Active Research Projects -- Yaohang Li

Active Research Projects

Dr. Yaohang Li

Department of Computer Science

Old Dominion University

Machine Learning and Artifical Intelligence in Nuclear Physics
Randomized Algorithms for Numerical Linear Algebra
System Biology
Protein Structure Modeling

Machine Learning and Artifical Intelligence in Nuclear Physics

By collaborating with the Center for Theoretical and Computational Physics at Jefferson Lab, I become interested in developing machine learning and data analytic algorithms for nuclear physics. My research currently focuses on two projects.

1) Physical Event Generator: We are using Generative Adversarial Networks (GAN) to build AI-based Monte Carlo event generators (MCEG) capable of faithfully generating final state particle phase space. Unlike many GAN applications, such as generating realistic and sharp looking images, where the distribution agreement between the GAN-generated samples and the true ones is often not strictly enforced, GANs for generating physical events are required to model the distributions of event features and their correlations sufficiently precisely for the nature of particle reactions to be faithfully replicated. Moreover, events generated by GANs should not violate the well-known physics laws, such as baryon number and momentum conservation. We address these issues by incorporating physics into the design of the GAN architectures. The following two preprints summarize our recent work in physical Event Generator.

Y. Alanazi, P. Ambrozewicz, M. P. Kuchera, Yaohang Li, T. Liu, R. E. McClellan, W. Melnitchouk, E. Pritchard, M. Robertson, N. Sato, R. Strauss, L. Velasco, “AI-based Monte Carlo event generator for electron-proton scattering,” arXiv:2008.03151, 2020.
Y. Alanazi, N. Sato, T. Liu, W. Melnitchouk, M. P. Kuchera, E. Pritchard, M. Robertson, R. Strauss, L. Velasco, Yaohang Li, “Simulation of electron-proton scattering events by a Feature-Augmented and Transformed Generative Adversarial Network (FAT-GAN),” arXiv:2001.11103, 2020.

Our FAT-GAN package can be found at https://github.com/yaohangli/FAT-GAN.

This work was supported by the Jefferson Lab LDRD project No. LDRD19-13 and No. LDRD20-18, and in part by the U.S. Department of Energy contract DE-AC05-06OR23177, under which Jefferson Science Associates, LLC, manages and operates Jefferson Lab.

2). Nuclear Femtography: The goal of the nuclear femtography problem is to understand nucleon’s internal 3-dimensional quark and gluon structure. We are currently working a neural network architecture for solving the inverse problem.

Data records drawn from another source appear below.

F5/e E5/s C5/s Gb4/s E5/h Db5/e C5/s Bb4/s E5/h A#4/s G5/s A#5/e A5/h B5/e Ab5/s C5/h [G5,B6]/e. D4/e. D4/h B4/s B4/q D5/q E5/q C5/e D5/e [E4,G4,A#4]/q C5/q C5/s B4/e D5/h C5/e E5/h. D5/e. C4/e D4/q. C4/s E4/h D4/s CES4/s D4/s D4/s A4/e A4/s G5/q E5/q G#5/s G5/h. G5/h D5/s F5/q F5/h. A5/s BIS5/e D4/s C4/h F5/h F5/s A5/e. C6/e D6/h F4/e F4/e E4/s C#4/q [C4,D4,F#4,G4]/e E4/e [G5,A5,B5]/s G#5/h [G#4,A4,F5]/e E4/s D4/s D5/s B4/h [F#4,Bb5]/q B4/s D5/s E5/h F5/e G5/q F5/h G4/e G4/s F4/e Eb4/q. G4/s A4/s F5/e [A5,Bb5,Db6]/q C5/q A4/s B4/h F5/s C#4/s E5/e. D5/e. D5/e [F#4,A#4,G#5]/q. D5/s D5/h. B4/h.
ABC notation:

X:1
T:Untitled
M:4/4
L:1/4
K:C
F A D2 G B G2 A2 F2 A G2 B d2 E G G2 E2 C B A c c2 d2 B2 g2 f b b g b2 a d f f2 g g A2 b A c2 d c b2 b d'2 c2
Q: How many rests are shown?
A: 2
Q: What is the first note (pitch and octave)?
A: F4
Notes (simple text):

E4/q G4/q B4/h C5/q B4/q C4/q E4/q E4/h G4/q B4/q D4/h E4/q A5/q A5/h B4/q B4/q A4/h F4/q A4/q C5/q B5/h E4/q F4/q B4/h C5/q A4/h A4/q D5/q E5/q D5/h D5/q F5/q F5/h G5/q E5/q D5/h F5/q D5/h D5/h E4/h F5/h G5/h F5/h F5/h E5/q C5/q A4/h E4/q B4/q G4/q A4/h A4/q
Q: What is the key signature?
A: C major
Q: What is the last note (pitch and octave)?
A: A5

This work is supported by Southeastern Universities Research Association (SURA) Center for Nuclear Femtography Initiative.

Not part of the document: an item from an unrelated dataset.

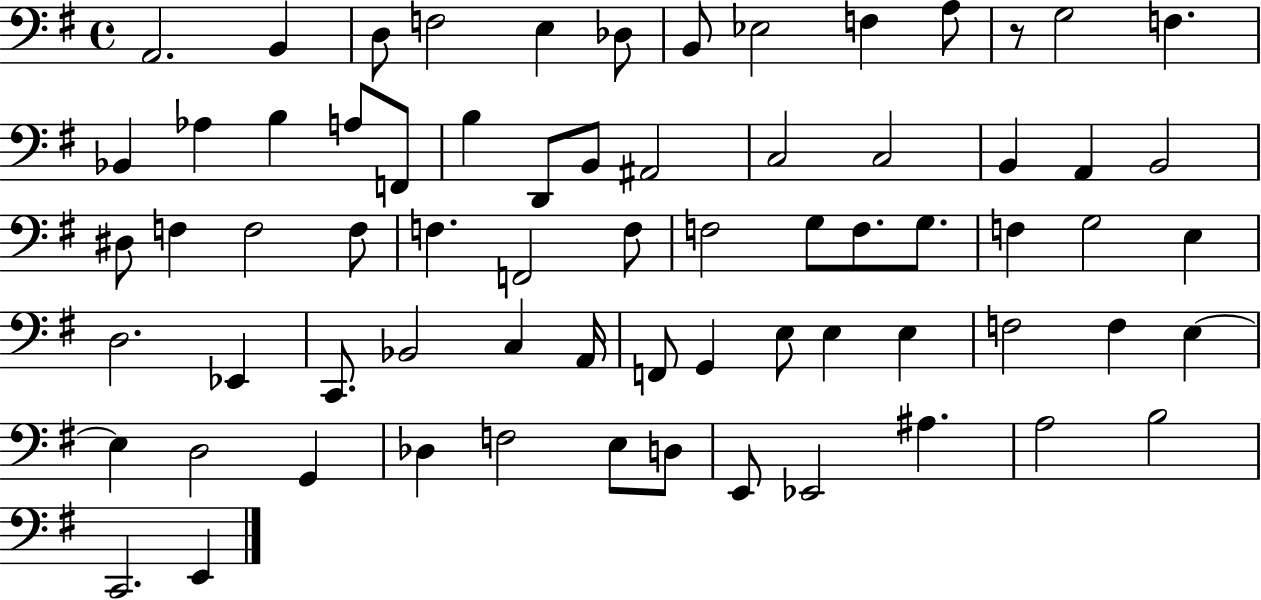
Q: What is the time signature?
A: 4/4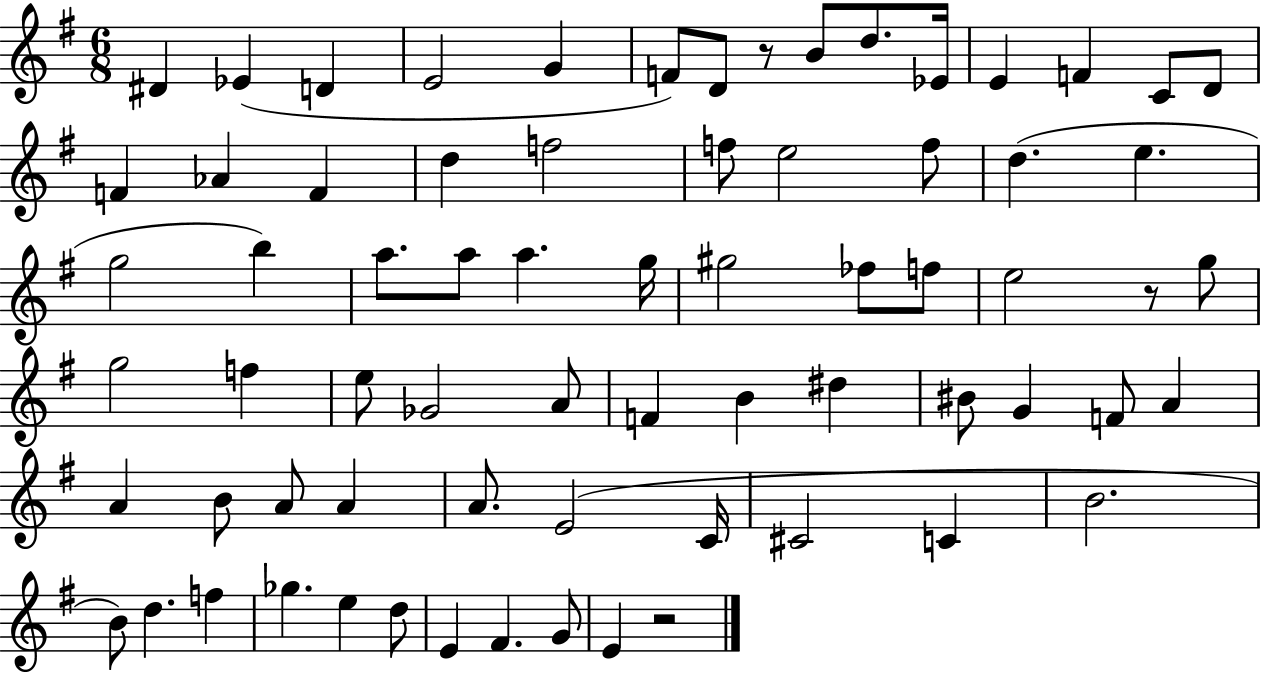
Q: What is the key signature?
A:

Randomized Algorithms for Numerical Linear Algebra

Matrix operations are the fundamental components in many data analysis and computational simulation applications. In the era of big data, many traditional numerical methods for matrix operations, designed to minimize floating-point operations, fail to scale or are incapable of handling the complexity emerging with large data sets. Due to their attractive properties including fast approximation, pass efficiency, flexible implementation, memory efficiency, and natural parallelism. randomized algorithms can nicely address a lot of these issues.

Our main works in randomized algorithms for numerical linear algebra includes:

1) Monte Carlo linear solvers

H. Ji, M. Mascagni, Yaohang Li, “Convergence Analysis of Markov Chain Monte Carlo Linear Solvers using Ulam-von Neumann Algorithm,” SIAM Journal on Numerical Analysis, 51(4): 2107-2122, 2013.

2) Low-rank approximation

W. Yu, Y. Gu, Yaohang Li, "Efficient Randomized Algorithms for the Fixed-Precision Low-Rank Matrix Approximation," SIAM Journal on Matrix Analysis and Applications, 39(3): 1339-1359, 2018.
H. Ji, W. Yu, Yaohang Li, “A Rank Revealing Randomized Singular Value Decomposition (R3SVD) Algorithm for Low-rank Matrix Approximations,” arXiv:1605.08134, 2016.

3) Pass-efficient randomized algorithms

W. Yu, Y. Gu, J. Li, S. Liu, Yaohang Li, "Single-Pass PCA of Large High-Dimensional Data," Proceedings of the Twenty-Sixth International Joint Conference on Artificial Intelligence (IJCAI-17), Melbourne, 2017.

4) Matrix Completion using randomized SVD

X. Feng, W. Yu, Yaohang Li, "Faster Matrix Completion Using Randomized SVD," Proceedings of the 30th IEEE International Conference on Tools with Artificial Intelligence, (ITCAI2018), Volos, 2018.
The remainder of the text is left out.